Given this climate, it isn't surprising that guys walk around clutching their genitals and unsubstantiated public accusations get people killed.
A (Fake) Story of Child Abuse Sparks the Harlem Riots
An innocent Puerto Rican boy was beaten to death by the white man!
That story hit the streets in 1935 and sparked the Harlem riots, the first race riot in the area which killed three people, wounded hundreds and damaged property to the tune of roughly $2 million dollars. Adjusted for inflation, those figures work out to $200 trillion worth of property damage and 300 thousand casualties.
How It Got Started:
The kernel of truth behind this story is that a 16-year-old Puerto Rican boy named Lino Rivera was caught shoplifting a 10-cent penknife. A store employee apprehended the thief, and got his hand bitten for his troubles. Long story short, the police were called and Rivera was arrested and later released.

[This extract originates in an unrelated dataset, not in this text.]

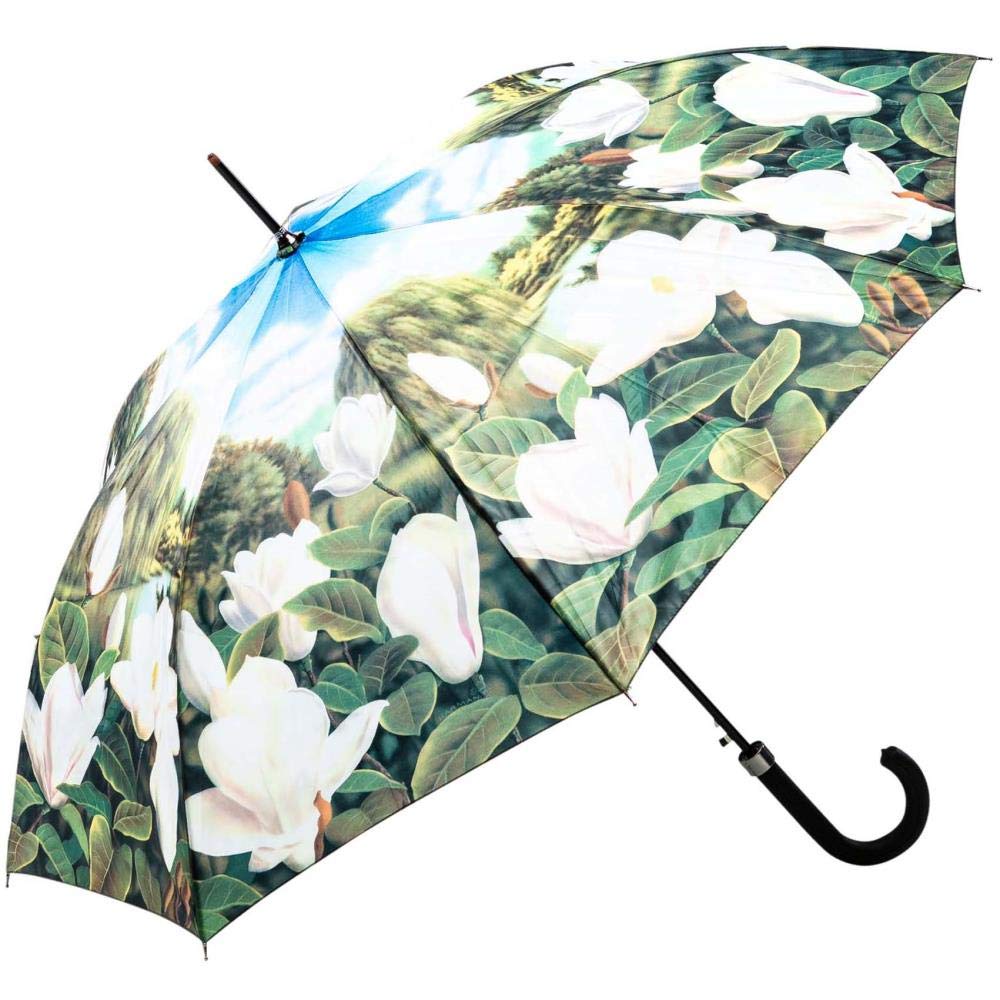 LUCKYWEATHER Regenschirm Stockschirm Damen Motiv Magnolien Auf-Automatik I Stockregenschirm gross un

While all this was happening, a crowd had collected outside the store. The trouble started when a woman who witnessed the initial confrontation began shrieking that the boy had been beaten.
Naturally, when an ambulance showed up to treat the store employee for his bite wound--lest he turn Puerto Rican during the next full moon--the crowd assumed that it was there to pick up the boy. When they noticed a hearse parked nearby, the shrewd crowd applied Occam's razor to the situation, concluding that the boy must have been beaten to death.

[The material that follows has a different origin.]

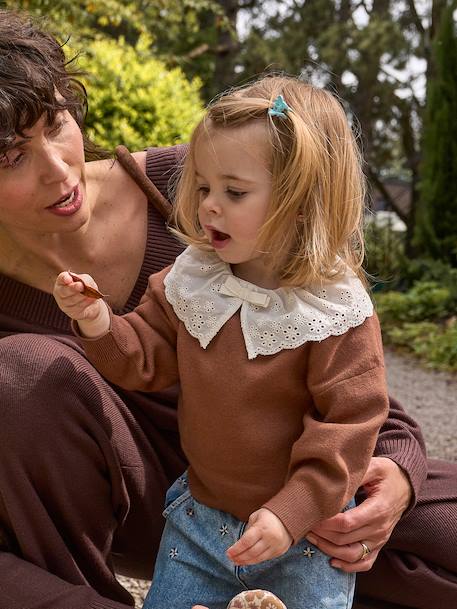Long-sleeved jumper for baby girls mauve+mocha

"Nope, I just like hanging out with my hearse in Harlem."
That evening, demonstrations were organized in front of the store during which printed handbills and pamphlets, the blogs of their time, were passed around reading "CHILD BRUTALLY BEATEN." The prestige and credibility of printed media pushed the crowd over the edge: a rock was thrown through the store's window, and city-wide carnage ensued.

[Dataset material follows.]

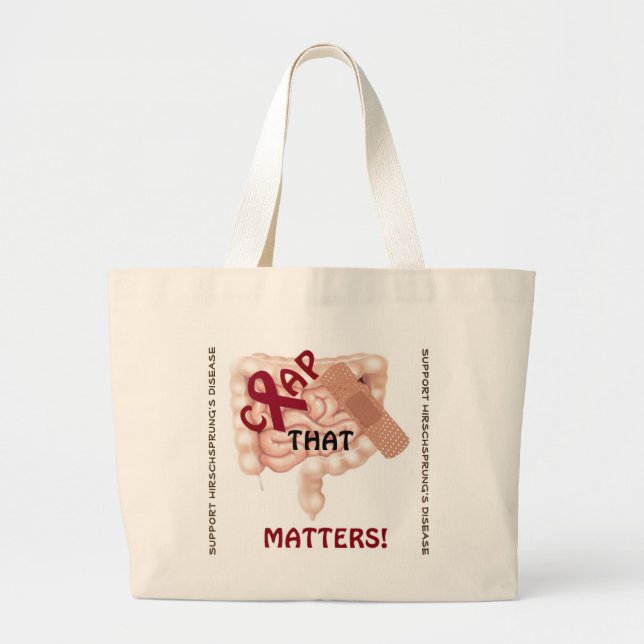 Bolsa Tote Grande Isso Importa! Apoiar a doença de Hirschsprung (Frente)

"According to this, I beat a Puerto Rican boy to death today. Curious."
Things only calmed down once pictures of the boy standing beside a police officer were passed around, disproving the rumor. As per their retraction policy, the rabble-rousing pamphleteers shouted at their recently-looted Jenkins JD-30 TV/Radio receivers a few hastily-worded apologies, which were cruelly ignored by the newsreaders inside the box.